TRY IT - A picture-free, exact copy of all the records below is the goal.

PROVIDED RECORDS -
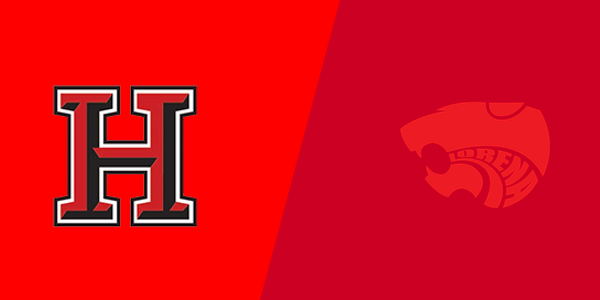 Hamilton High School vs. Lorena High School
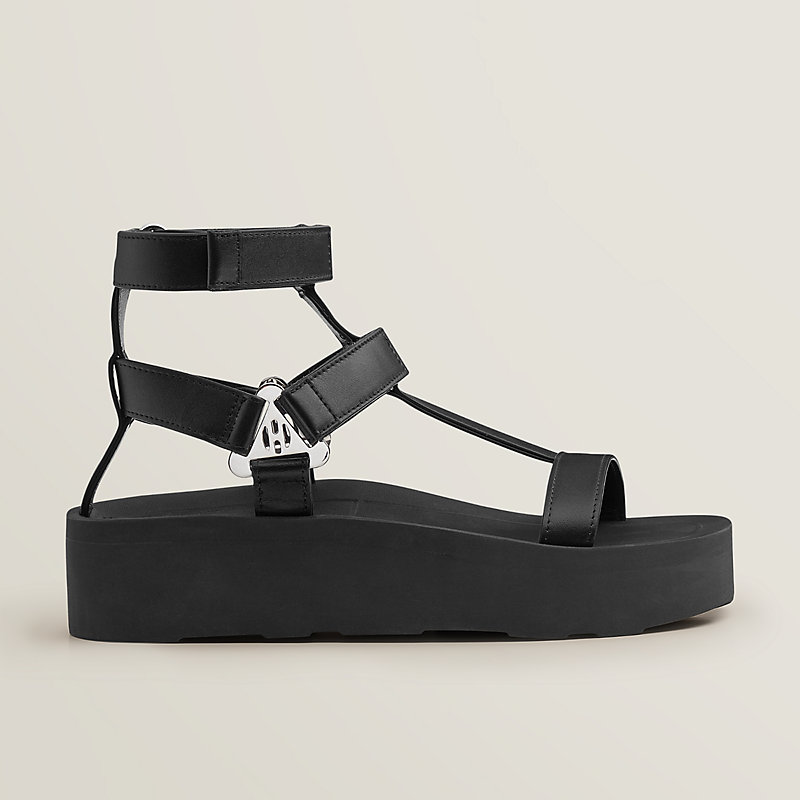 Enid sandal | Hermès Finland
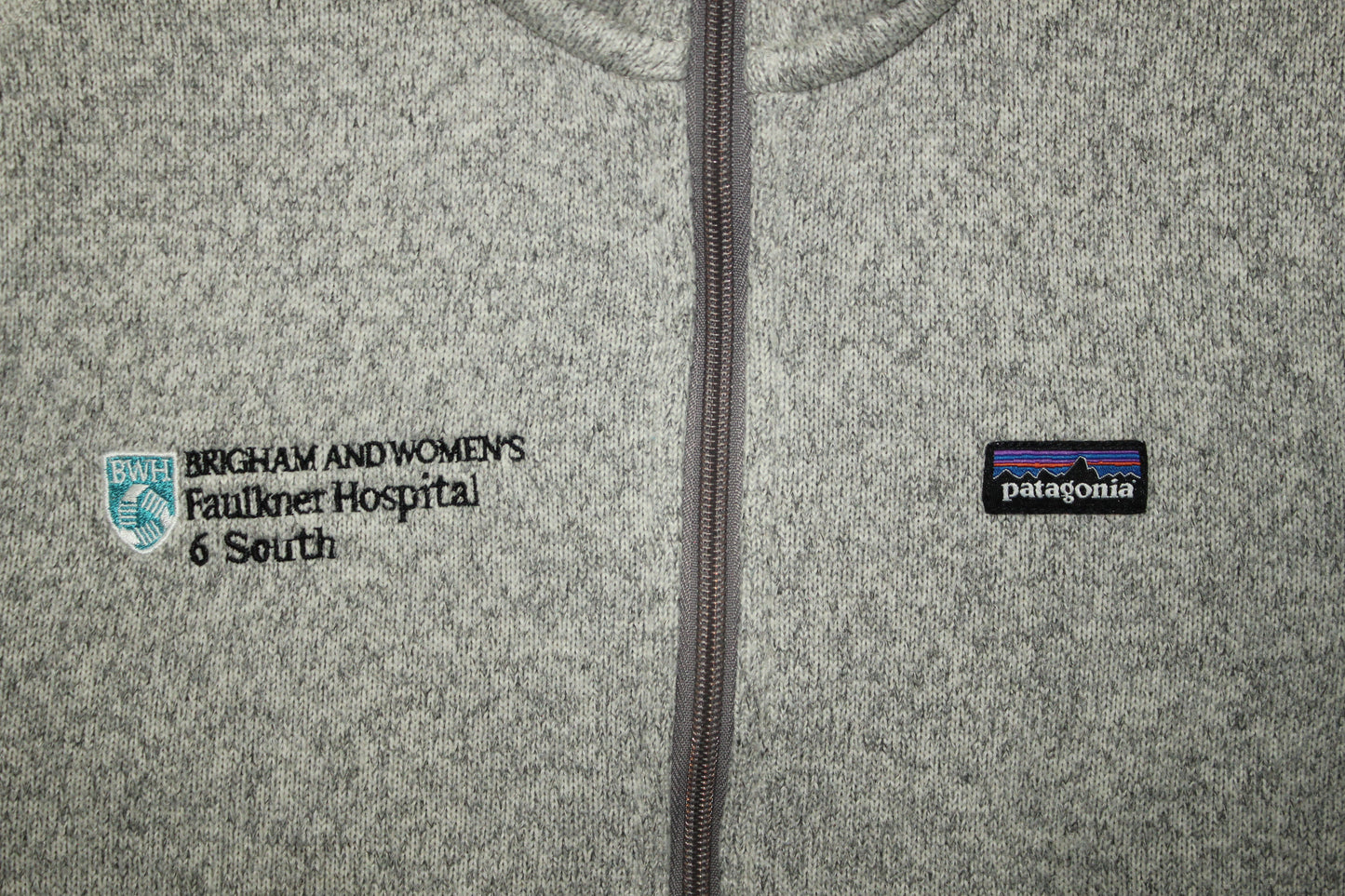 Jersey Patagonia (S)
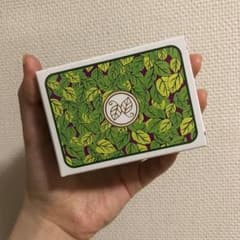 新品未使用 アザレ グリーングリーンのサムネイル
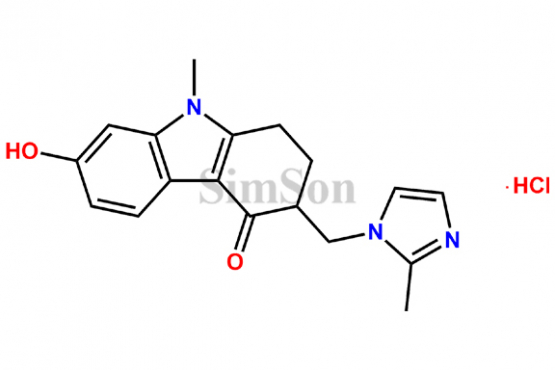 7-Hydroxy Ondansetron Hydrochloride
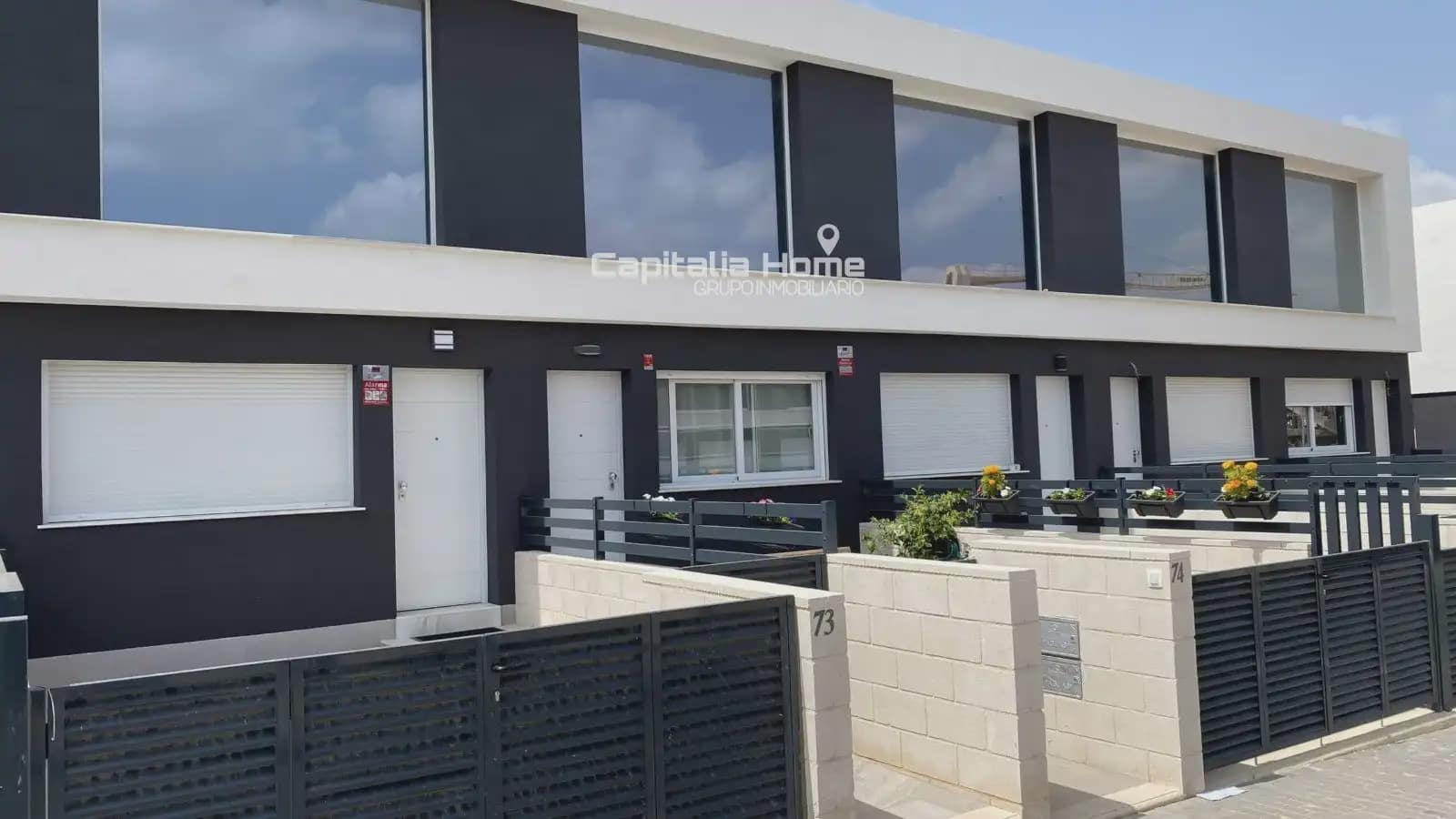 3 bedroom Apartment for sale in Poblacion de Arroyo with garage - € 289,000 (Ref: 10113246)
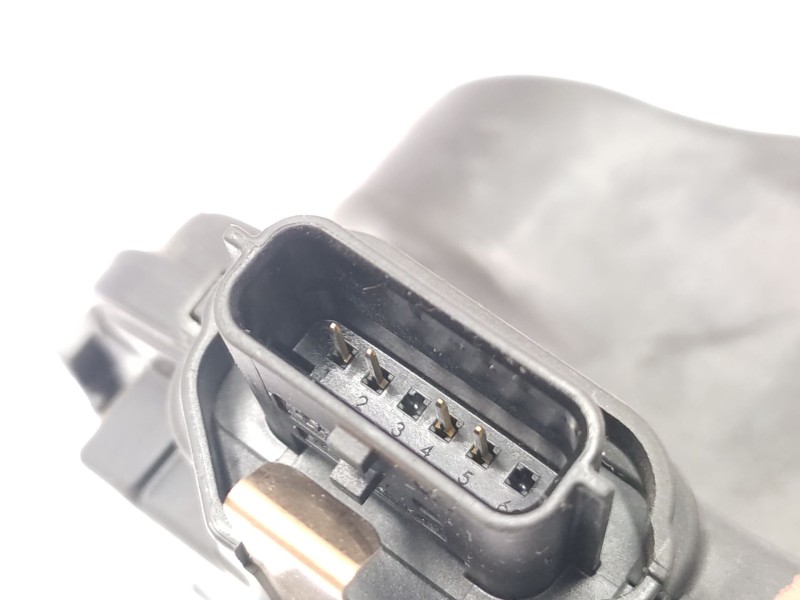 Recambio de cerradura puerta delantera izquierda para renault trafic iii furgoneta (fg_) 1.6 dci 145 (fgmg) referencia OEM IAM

EXPECTED ANSWER -
 Hamilton High School vs. Lorena High School
 Enid sandal | Hermès Finland
 Jersey Patagonia (S)
 新品未使用 アザレ グリーングリーンのサムネイル
 7-Hydroxy Ondansetron Hydrochloride
 3 bedroom Apartment for sale in Poblacion de Arroyo with garage - € 289,000 (Ref: 10113246)
 Recambio de cerradura puerta delantera izquierda para renault trafic iii furgoneta (fg_) 1.6 dci 145 (fgmg) referencia OEM IAM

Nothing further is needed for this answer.